### EXERCISE
The answer must be a single number: the count of lines in the listing that hold the string "Review".

### PROVIDED INFORMATION
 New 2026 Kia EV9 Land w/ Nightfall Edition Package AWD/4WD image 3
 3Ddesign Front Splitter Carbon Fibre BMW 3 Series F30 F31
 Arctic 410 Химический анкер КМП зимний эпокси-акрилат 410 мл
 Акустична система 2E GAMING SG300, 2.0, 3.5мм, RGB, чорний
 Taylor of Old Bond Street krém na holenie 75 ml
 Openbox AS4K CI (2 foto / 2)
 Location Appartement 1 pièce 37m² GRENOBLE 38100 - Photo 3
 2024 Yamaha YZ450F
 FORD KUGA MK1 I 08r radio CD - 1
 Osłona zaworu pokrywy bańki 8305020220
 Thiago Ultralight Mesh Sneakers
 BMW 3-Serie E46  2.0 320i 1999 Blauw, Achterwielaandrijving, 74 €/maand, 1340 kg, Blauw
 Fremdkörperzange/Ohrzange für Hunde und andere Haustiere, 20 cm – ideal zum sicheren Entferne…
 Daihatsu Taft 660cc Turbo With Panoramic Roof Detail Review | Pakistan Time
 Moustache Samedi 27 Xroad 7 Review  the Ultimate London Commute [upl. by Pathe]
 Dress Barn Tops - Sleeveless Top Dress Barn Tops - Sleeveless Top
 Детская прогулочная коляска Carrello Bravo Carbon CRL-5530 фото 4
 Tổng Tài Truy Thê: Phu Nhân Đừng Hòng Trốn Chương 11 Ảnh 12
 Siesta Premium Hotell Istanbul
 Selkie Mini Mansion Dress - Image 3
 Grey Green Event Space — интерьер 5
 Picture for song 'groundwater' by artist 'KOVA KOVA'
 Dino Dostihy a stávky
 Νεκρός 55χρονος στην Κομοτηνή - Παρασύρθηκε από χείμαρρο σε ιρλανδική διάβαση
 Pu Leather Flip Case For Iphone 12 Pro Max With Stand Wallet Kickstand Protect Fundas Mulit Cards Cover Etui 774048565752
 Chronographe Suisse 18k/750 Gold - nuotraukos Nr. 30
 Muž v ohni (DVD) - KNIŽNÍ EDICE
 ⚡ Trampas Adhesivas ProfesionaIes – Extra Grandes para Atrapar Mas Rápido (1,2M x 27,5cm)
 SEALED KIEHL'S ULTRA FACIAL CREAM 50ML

### COMPLETED TASK
2